Dan Goodman 07.05.06 at 8:19 pm

I suspect Intelligence employees are being reminded that loyalty to the previous administration isn’t quite the same thing as loyalty to the government.

4

P O'Neill 07.05.06 at 10:31 pm

What’s missing so far is that classic Italian ingredient, the leaked transcripts of phone calls.

5

otto 07.05.06 at 10:41 pm

I’m waiting for the classic Italian ingredient of some people dying, one way or another, before they can be forced to testify.

6

staffrider 07.05.06 at 10:48 pm

… and which character does Sophia Loren play?

7

will u. 07.05.06 at 10:49 pm

As for me, I’m waiting for the classic Italian ingredient, balsamic vinegar.

8

derrida derider 07.06.06 at 12:02 am

Well I knew Prodi was supposed to be a socialist, but I didn’t think he’d actually try and nationalise the secret service!

9

a 07.06.06 at 12:42 am

Why is everyone making fun of the Italians? Would that the U.S. and the U.K. show such moral fortitude…

10

John Quiggin 07.06.06 at 2:57 am

Although there’s no direct link, I think this presages a drastic crash for Berlusconi. He’s made it very clear that for him, it’s either absolute power or nothing, and the Italian polity seems ready to give him nothing.

11

Tim Worstall 07.06.06 at 5:54 am

“The path to justice in Italy is a long and tortuous one – arrest by magistrates is no guarantee of successful prosecution. “

Quite. They have things called trials at which, amazingly, some people are found innocent of the charges.

/snark

Yes, I know what you meant, but that phrasing is a little off don’t you think?

12

Barry 07.06.06 at 8:14 am

Not particularly, tim. But thanks for stopping by and adding that. Should we expect some articles from you in TCS, talking about how evil it is to persecute these poor guys?

13

P O'Neill 07.06.06 at 9:23 am

The last few comments bring out one possible advantage/disadvantage (depending on how you look at it) of the Continental system of investigating magistrates. In the Republic of Ireland, the Garda did some half-assed investigation of the alleged Shannon renditions, but since they had no access to any of the principals, and made no effort to get such access, it was purely for show. By contrast, the Italian investigation is being driven by a magistrate actually making some effort and making things awkward for other parts of the State.

14

Tim Worstall 07.07.06 at 6:35 am

“Should we expect some articles from you in TCS, talking about how evil it is to persecute these poor guys?”
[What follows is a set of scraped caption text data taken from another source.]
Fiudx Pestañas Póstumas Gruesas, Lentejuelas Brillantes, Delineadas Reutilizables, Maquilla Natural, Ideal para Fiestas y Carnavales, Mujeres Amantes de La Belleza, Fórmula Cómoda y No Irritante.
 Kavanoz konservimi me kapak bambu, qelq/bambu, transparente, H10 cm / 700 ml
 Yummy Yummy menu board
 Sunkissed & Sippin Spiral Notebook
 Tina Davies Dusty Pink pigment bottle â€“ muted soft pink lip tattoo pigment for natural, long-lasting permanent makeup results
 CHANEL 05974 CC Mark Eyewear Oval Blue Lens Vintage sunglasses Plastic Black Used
I doubt it very much. I’m all in favour of prosecuting (rather than persecuting) those suspected of crime. I just get uncomfortable when the implication seems to be that the fact of either prosecution or even investigation or charging is taken as evidence of guilt.

15

Henry 07.07.06 at 8:22 am

Tim – I was trying to say two things in one. First, given the inquisitorial system, it’s hard to judge the likelihood that charges will be pressed seriously. Second, given the dysfunctionality of the Italian legal system (which is an incredible mess) that it’s hard to be sure that even if (a) there is a prosecution, and (b) there’s good and convincing evidence, there will then be a conviction. All that said, the facts are looking pretty damning to me.

16

Barry 07.07.06 at 10:53 am

Harry, that probably applies to any country with a serious intelligence establishment. They’ve to have reams of blackmail material on current, past and prospective political leaders and civil servants. The prospect of it being a political purge might help – if the current government sees the intelligence establishment as a partisan enemy, that provides motivation.